What to do.
If a line of the records holds the word "Metallic", copy it out.

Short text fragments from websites
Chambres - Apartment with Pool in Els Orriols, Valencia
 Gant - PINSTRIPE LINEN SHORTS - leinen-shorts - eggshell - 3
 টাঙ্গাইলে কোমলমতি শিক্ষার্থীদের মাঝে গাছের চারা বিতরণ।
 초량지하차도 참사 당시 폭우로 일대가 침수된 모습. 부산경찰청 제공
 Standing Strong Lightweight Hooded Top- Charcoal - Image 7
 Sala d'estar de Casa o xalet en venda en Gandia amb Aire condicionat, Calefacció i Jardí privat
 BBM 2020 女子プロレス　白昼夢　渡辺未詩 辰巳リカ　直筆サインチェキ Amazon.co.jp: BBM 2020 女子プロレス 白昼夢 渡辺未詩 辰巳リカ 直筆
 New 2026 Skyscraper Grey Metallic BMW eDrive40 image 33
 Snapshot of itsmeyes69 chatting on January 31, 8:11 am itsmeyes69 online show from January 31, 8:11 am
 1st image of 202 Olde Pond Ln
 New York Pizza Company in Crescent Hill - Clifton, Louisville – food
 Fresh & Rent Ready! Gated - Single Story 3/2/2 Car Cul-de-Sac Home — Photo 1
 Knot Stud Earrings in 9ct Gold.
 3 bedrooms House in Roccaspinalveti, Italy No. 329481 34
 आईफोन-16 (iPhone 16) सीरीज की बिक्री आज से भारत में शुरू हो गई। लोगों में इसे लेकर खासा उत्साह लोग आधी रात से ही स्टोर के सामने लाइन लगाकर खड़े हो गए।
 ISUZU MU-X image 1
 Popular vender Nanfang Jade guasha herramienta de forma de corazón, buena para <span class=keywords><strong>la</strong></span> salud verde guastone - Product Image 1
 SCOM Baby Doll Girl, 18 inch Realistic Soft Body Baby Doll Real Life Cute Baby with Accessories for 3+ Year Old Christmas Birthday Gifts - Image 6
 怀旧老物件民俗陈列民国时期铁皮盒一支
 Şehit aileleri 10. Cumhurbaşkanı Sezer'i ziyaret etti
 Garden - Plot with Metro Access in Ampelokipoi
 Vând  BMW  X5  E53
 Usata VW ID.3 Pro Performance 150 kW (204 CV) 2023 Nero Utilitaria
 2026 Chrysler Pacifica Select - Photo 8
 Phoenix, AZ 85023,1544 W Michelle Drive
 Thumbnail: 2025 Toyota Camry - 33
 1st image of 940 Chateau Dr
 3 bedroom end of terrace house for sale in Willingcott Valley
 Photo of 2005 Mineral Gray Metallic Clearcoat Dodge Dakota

Task answer.
 New 2026 Skyscraper Grey Metallic BMW eDrive40 image 33
 Photo of 2005 Mineral Gray Metallic Clearcoat Dodge Dakota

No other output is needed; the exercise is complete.